Charmed-Kubernetes/containerd/reactive/containerd.py

728 lines
20 KiB
Python

import os
import base64
import binascii
import json
import requests
import traceback
from subprocess import (
check_call,
check_output,
CalledProcessError
)
from charms.reactive import (
hook,
when,
when_not,
set_state,
is_state,
remove_state,
endpoint_from_flag,
register_trigger
)
from charms.layer import containerd, status
from charms.layer.container_runtime_common import (
ca_crt_path,
server_crt_path,
server_key_path,
check_for_juju_https_proxy
)
from charmhelpers.core import (
host,
unitdata
)
from charmhelpers.core.templating import render
from charmhelpers.core.hookenv import (
atexit,
config,
log,
application_version_set
)
from charmhelpers.core.kernel import modprobe
from charmhelpers.fetch import (
apt_install,
apt_update,
apt_purge,
apt_hold,
apt_autoremove,
apt_unhold,
import_key
)
DB = unitdata.kv()
CONTAINERD_PACKAGE = 'containerd'
register_trigger(
when='config.changed.nvidia_apt_key_urls',
clear_flag='containerd.nvidia.ready'
)
register_trigger(
when='config.changed.nvidia_apt_sources',
clear_flag='containerd.nvidia.ready'
)
register_trigger(
when='config.changed.nvidia_apt_packages',
clear_flag='containerd.nvidia.ready'
)
def _check_containerd():
"""
Check that containerd is running.
`ctr version` calls both client and server side, so is a reasonable indication that everything's been set up
correctly.
:return: Boolean
"""
try:
version = check_output(['ctr', 'version'])

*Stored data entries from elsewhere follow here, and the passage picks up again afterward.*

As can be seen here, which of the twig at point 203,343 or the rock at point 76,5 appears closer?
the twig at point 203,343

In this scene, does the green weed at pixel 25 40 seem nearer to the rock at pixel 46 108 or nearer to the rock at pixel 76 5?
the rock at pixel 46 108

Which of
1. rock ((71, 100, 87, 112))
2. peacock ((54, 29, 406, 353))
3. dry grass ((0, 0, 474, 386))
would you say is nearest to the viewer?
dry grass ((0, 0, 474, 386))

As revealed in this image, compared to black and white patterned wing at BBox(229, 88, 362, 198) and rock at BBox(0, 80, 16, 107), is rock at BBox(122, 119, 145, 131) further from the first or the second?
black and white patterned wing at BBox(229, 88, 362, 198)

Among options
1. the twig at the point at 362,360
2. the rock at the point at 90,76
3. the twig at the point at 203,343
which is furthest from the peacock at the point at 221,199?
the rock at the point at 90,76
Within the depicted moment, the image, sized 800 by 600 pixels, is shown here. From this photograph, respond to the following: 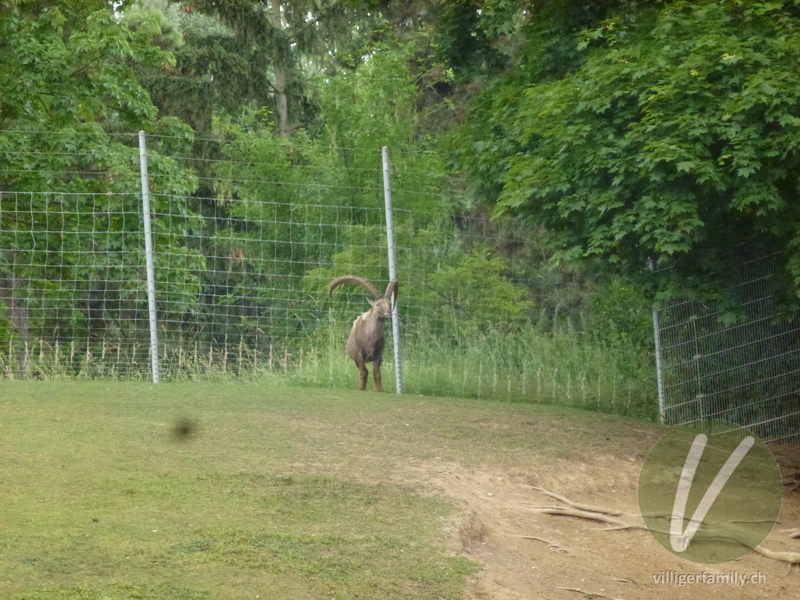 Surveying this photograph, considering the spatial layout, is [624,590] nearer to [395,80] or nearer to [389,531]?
[389,531]

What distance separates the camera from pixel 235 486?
664 cm

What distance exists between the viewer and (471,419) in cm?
962

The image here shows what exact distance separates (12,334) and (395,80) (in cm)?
1002

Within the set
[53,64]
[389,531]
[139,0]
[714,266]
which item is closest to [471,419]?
A: [714,266]

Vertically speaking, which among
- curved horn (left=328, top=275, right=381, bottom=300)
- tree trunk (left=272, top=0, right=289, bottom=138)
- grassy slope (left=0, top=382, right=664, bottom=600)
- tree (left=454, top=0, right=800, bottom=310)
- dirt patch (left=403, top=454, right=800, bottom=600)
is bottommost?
dirt patch (left=403, top=454, right=800, bottom=600)

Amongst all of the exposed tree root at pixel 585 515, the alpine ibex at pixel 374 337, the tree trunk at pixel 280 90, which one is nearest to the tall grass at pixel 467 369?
the alpine ibex at pixel 374 337

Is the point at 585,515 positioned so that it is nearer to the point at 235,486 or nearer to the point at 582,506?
the point at 582,506

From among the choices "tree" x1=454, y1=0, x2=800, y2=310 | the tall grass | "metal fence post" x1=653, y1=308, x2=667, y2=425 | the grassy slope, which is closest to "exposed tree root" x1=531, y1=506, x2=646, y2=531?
the grassy slope

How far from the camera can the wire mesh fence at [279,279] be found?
41.3 feet

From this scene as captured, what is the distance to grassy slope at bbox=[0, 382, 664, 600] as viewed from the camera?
5.08 metres

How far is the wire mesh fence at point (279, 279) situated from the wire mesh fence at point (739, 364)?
1022 mm

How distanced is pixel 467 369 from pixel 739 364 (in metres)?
3.50

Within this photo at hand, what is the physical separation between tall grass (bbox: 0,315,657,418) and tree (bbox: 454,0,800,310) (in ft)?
9.92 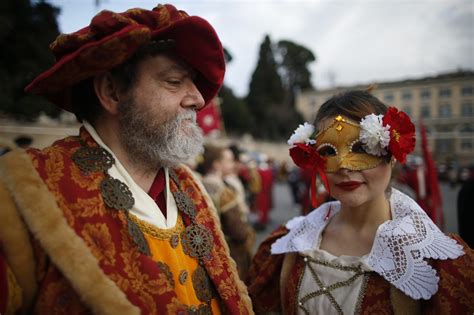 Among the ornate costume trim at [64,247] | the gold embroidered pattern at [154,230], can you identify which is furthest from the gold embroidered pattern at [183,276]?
the ornate costume trim at [64,247]

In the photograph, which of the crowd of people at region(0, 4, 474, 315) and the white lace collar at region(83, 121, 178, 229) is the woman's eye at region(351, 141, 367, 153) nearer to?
the crowd of people at region(0, 4, 474, 315)

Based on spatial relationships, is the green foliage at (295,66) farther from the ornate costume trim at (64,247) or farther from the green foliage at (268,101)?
the ornate costume trim at (64,247)

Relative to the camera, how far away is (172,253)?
1.69 m

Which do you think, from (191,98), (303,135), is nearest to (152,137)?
(191,98)

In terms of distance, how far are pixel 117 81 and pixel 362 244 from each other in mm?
1605

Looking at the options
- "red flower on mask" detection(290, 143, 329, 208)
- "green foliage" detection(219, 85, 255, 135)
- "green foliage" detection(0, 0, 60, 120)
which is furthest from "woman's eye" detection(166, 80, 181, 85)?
"green foliage" detection(219, 85, 255, 135)

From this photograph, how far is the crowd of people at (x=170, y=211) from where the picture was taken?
138cm

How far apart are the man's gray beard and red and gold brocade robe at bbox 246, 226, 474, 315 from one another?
3.18 ft

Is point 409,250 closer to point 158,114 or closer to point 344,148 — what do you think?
point 344,148

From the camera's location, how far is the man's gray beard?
1737 mm

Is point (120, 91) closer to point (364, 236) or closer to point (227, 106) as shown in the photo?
point (364, 236)

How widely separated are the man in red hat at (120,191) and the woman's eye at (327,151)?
0.73 metres

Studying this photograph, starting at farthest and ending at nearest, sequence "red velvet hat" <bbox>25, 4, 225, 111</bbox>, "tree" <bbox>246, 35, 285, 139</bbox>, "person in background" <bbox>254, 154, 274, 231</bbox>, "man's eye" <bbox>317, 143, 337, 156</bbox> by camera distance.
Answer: "tree" <bbox>246, 35, 285, 139</bbox> < "person in background" <bbox>254, 154, 274, 231</bbox> < "man's eye" <bbox>317, 143, 337, 156</bbox> < "red velvet hat" <bbox>25, 4, 225, 111</bbox>

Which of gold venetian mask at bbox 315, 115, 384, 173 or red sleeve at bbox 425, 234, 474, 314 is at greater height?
gold venetian mask at bbox 315, 115, 384, 173
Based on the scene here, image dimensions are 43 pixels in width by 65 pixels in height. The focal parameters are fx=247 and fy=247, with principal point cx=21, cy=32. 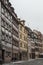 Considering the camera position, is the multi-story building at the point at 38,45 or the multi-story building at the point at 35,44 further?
the multi-story building at the point at 38,45

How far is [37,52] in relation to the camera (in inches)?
5802

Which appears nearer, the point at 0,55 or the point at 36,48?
the point at 0,55

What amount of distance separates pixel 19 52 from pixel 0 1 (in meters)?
37.2

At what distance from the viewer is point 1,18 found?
60.4 m

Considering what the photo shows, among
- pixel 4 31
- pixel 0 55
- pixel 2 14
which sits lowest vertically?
pixel 0 55

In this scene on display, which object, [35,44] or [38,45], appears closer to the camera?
[35,44]

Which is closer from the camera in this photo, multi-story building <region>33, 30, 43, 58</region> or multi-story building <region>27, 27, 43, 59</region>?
multi-story building <region>27, 27, 43, 59</region>

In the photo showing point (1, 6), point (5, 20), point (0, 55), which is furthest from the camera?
point (5, 20)

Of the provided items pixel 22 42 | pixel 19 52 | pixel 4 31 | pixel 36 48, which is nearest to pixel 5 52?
pixel 4 31

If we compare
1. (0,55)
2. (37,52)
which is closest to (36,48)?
(37,52)

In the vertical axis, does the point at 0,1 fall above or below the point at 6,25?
above

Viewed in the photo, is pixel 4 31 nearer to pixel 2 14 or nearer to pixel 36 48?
pixel 2 14

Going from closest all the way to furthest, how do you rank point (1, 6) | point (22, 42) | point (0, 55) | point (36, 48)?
point (0, 55) → point (1, 6) → point (22, 42) → point (36, 48)

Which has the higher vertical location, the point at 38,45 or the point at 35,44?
the point at 38,45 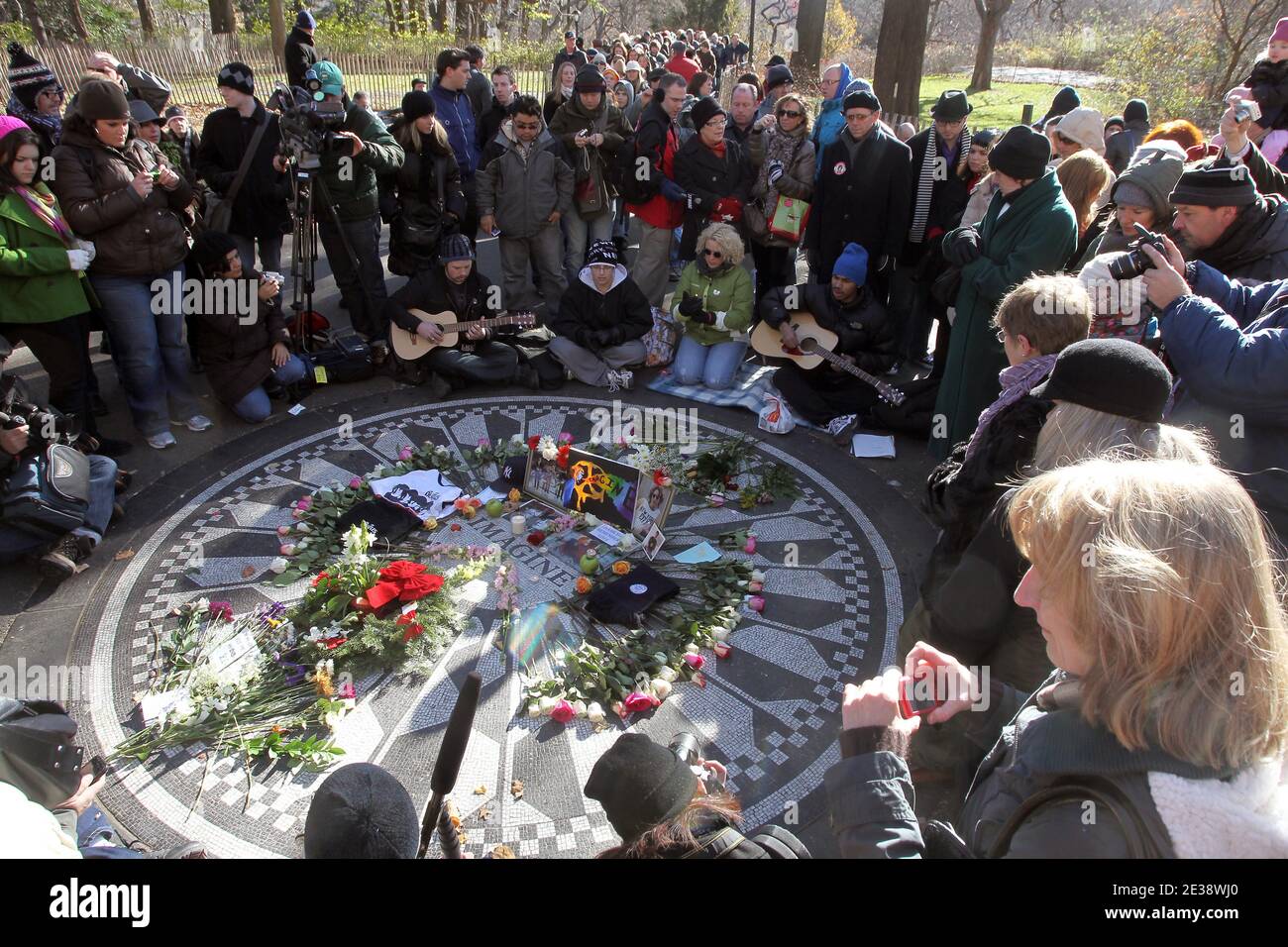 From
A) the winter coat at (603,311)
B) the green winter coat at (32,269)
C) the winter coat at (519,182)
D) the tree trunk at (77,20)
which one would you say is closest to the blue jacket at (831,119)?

except (FileNotFoundError, CalledProcessError):
return None
return version
def _juju_proxy_changed():
"""
Check to see if the Juju model HTTP(S) proxy settings have changed.
These aren't propagated to the charm so we'll need to do it here.
:return: Boolean
"""
cached = DB.get('config-cache', None)
if not cached:
return True # First pass.
new = check_for_juju_https_proxy(config)
if cached['http_proxy'] == new['http_proxy'] and \
cached['https_proxy'] == new['https_proxy'] and \
cached['no_proxy'] == new['no_proxy']:
return False
return True
@atexit
def charm_status():
"""
Set the charm's status after each hook is run.
:return: None
"""
if is_state('upgrade.series.in-progress'):
status.blocked('Series upgrade in progress')
elif is_state('containerd.nvidia.invalid-option'):
status.blocked(
'{} is an invalid option for gpu_driver'.format(
config().get('gpu_driver')
)
)
elif _check_containerd():
status.active('Container runtime available')
set_state('containerd.ready')
else:
status.blocked('Container runtime not available')
def strip_url(url):
"""Strip the URL of protocol, slashes etc., and keep host:port.
Examples:
url: http://10.10.10.10:8000 --> return: 10.10.10.10:8000
url: https://myregistry.io:8000/ --> return: myregistry.io:8000
url: myregistry.io:8000 --> return: myregistry.io:8000
"""
return url.rstrip('/').split(sep='://', maxsplit=1)[-1]
def update_custom_tls_config(config_directory, registries, old_registries):
"""
Read registries config and remove old/write new tls files from/to disk.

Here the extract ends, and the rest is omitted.